Salsaparrilha açoriana
A ilha do Pico é uma montanha jovem com cerca de 2350 metros de altura que parece dividida em três camadas. O primeiro anel, junto ao mar, tem praias de rocha ainda não erodida e é um terreno de inclinação suave pintalgado de telhados vermelhos, casas brancas e vinhas plantadas em resguardos com muros de pedra vulcânica. O topo, feito de rocha escura e quase sem vegetação, com um Piquinho engraçado onde neva no Inverno e se senta no Verão, por vezes, um boné de neblina, é tão alto que, sob criteriosa autorização da Direcção Regional do Ambiente, é possível ver dele o sol a nascer ou a pôr-se, muito mar, baleias e as outras ilhas. No anel do meio, verde e fresco, distinguem-se, se o cachecol de nuvens o permite, vastos prados de solo muito fértil, matos de rapa, vassoura, faia, pau-branco, azevinho e zimbro, e floresta laurissilva muito bem preservada. É este terço médio que nos interessa: é o refúgio de quase todas as plantas que vimos no Pico, algumas em populações abundantes a contrariar o avanço das hortênsias, rocas-da-velha e pitósporos que tanto afligem quem se preocupa com a conservação da flora endémica açoriana.

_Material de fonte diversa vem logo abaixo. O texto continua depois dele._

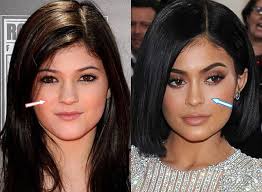 Reality television series keeping up with the kardashians since 2007 and is the founder and owner of cosmetic company kylie cosmetics. Kylie Jenner Nose Job Before And After Surgery Plasticsurgery Kylie Jenner Plastic Surgery Kylie Jenner Nose Job Kylie Jenner Nose
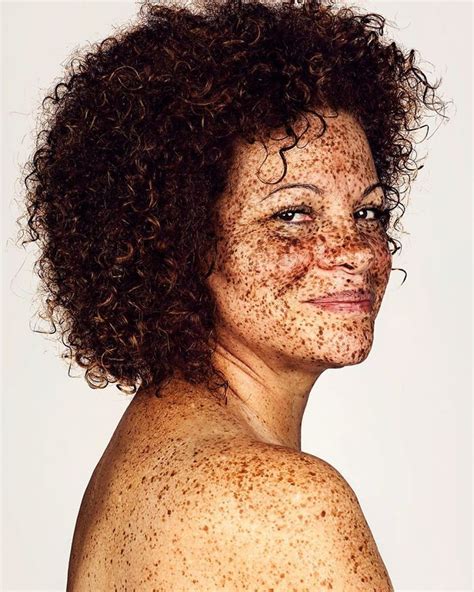 The Rise of Freckles 18: Achievements and Recognition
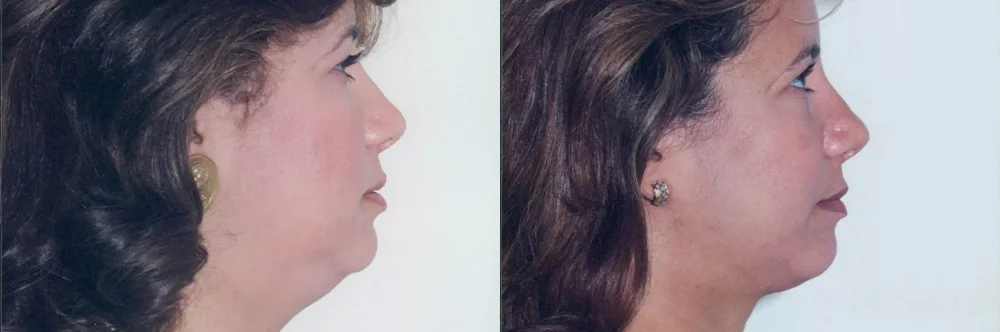Real patient results in Newport Beach, CA Performed by Boris M. Ackerman MD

A trepadeira Smilax azorica já se chamou Smilax canariensis, espécie que se julgava endémica da Madeira, de seis das ilhas dos Açores e três das ilhas Canárias. Os herbários indicam que foi colhida pela primeira vez por Masson em 1777 na ilha de São Miguel e descrita posteriormente por Watson em 1844. Contudo, em 2009, num artigo publicado pelo Instituto de Estudios Canarios, Hanno Schaefer e Peter Schoenfelder revelaram as conclusões de um estudo genético comparativo destas duas espécies, propondo que a Smilax açoriana se tornasse uma espécie independente, com a designação Smilax azorica. Para quem procura uma ou outra espécie, convirá saber que a S. canariensis é rara mesmo na Madeira; que a S. azorica não ocorre nas ilhas Graciosa, Flores e Corvo, não é fácil de encontrar nas ilhas do grupo central (no Faial só a vimos no Jardim Botânico, mas no Pico avistámos várias populações, com muitos frutos, em bosques de incenso e também em florestas naturais), e é algo mais frequente em São Miguel e Santa Maria. Os autores desse artigo elaboraram uma chave taxonómica para que não restem dúvidas, de que destacamos o facto de os frutos da S. azorica amadurecerem vermelhos como cerejas e os da S. canariensis serem de cor preta quando maduros.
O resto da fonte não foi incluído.